**About this task**
The answer must restate every record word for word.
** Opening Exercise data block **
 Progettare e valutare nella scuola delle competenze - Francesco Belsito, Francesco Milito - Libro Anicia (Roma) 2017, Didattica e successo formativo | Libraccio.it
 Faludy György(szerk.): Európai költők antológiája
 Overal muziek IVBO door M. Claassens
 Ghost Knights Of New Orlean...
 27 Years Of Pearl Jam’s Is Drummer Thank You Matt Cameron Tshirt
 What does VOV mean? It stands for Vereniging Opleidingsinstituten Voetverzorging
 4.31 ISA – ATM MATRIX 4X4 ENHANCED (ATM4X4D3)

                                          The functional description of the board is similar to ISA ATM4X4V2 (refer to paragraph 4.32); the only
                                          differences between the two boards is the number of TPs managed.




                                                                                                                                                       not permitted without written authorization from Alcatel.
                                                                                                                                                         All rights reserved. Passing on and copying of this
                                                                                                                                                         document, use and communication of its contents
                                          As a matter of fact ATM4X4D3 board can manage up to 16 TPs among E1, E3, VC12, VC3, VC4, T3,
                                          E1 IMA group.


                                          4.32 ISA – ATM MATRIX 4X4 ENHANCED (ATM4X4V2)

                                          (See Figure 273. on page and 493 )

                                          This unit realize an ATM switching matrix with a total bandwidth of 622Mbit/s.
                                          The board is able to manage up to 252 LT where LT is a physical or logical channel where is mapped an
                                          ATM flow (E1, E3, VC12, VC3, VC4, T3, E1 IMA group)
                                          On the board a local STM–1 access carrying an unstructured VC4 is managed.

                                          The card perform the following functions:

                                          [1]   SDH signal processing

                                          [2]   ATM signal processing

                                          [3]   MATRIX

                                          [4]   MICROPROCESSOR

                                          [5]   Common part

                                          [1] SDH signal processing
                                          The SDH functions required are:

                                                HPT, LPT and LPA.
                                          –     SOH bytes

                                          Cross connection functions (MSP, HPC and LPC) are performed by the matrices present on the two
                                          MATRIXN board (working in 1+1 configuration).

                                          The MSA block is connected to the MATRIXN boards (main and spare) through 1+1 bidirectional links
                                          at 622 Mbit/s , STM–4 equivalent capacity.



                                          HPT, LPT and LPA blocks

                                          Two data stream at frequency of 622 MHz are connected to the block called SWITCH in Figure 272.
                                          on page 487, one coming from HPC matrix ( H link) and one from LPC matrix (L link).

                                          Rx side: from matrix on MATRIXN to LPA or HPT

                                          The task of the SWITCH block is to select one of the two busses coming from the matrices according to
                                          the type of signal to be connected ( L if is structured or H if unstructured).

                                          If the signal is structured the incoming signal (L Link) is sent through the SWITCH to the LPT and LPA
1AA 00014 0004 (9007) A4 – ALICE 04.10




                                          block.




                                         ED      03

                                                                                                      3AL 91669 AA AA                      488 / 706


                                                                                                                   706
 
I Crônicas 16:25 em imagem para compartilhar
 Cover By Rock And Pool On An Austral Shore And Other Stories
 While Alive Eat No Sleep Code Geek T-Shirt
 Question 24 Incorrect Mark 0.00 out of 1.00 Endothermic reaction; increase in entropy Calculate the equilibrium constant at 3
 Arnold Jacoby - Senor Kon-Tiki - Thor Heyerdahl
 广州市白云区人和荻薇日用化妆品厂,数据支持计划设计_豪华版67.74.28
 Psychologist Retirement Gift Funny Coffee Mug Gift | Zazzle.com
** Closing Exercise data block **
**Result**
 Progettare e valutare nella scuola delle competenze - Francesco Belsito, Francesco Milito - Libro Anicia (Roma) 2017, Didattica e successo formativo | Libraccio.it
 Faludy György(szerk.): Európai költők antológiája
 Overal muziek IVBO door M. Claassens
 Ghost Knights Of New Orlean...
 27 Years Of Pearl Jam’s Is Drummer Thank You Matt Cameron Tshirt
 What does VOV mean? It stands for Vereniging Opleidingsinstituten Voetverzorging
 4.31 ISA – ATM MATRIX 4X4 ENHANCED (ATM4X4D3)

                                          The functional description of the board is similar to ISA ATM4X4V2 (refer to paragraph 4.32); the only
                                          differences between the two boards is the number of TPs managed.




                                                                                                                                                       not permitted without written authorization from Alcatel.
                                                                                                                                                         All rights reserved. Passing on and copying of this
                                                                                                                                                         document, use and communication of its contents
                                          As a matter of fact ATM4X4D3 board can manage up to 16 TPs among E1, E3, VC12, VC3, VC4, T3,
                                          E1 IMA group.


                                          4.32 ISA – ATM MATRIX 4X4 ENHANCED (ATM4X4V2)

                                          (See Figure 273. on page and 493 )

                                          This unit realize an ATM switching matrix with a total bandwidth of 622Mbit/s.
                                          The board is able to manage up to 252 LT where LT is a physical or logical channel where is mapped an
                                          ATM flow (E1, E3, VC12, VC3, VC4, T3, E1 IMA group)
                                          On the board a local STM–1 access carrying an unstructured VC4 is managed.

                                          The card perform the following functions:

                                          [1]   SDH signal processing

                                          [2]   ATM signal processing

                                          [3]   MATRIX

                                          [4]   MICROPROCESSOR

                                          [5]   Common part

                                          [1] SDH signal processing
                                          The SDH functions required are:

                                                HPT, LPT and LPA.
                                          –     SOH bytes

                                          Cross connection functions (MSP, HPC and LPC) are performed by the matrices present on the two
                                          MATRIXN board (working in 1+1 configuration).

                                          The MSA block is connected to the MATRIXN boards (main and spare) through 1+1 bidirectional links
                                          at 622 Mbit/s , STM–4 equivalent capacity.



                                          HPT, LPT and LPA blocks

                                          Two data stream at frequency of 622 MHz are connected to the block called SWITCH in Figure 272.
                                          on page 487, one coming from HPC matrix ( H link) and one from LPC matrix (L link).

                                          Rx side: from matrix on MATRIXN to LPA or HPT

                                          The task of the SWITCH block is to select one of the two busses coming from the matrices according to
                                          the type of signal to be connected ( L if is structured or H if unstructured).

                                          If the signal is structured the incoming signal (L Link) is sent through the SWITCH to the LPT and LPA
1AA 00014 0004 (9007) A4 – ALICE 04.10




                                          block.




                                         ED      03

                                                                                                      3AL 91669 AA AA                      488 / 706


                                                                                                                   706
 
I Crônicas 16:25 em imagem para compartilhar
 Cover By Rock And Pool On An Austral Shore And Other Stories
 While Alive Eat No Sleep Code Geek T-Shirt
 Question 24 Incorrect Mark 0.00 out of 1.00 Endothermic reaction; increase in entropy Calculate the equilibrium constant at 3
 Arnold Jacoby - Senor Kon-Tiki - Thor Heyerdahl
 广州市白云区人和荻薇日用化妆品厂,数据支持计划设计_豪华版67.74.28
 Psychologist Retirement Gift Funny Coffee Mug Gift | Zazzle.com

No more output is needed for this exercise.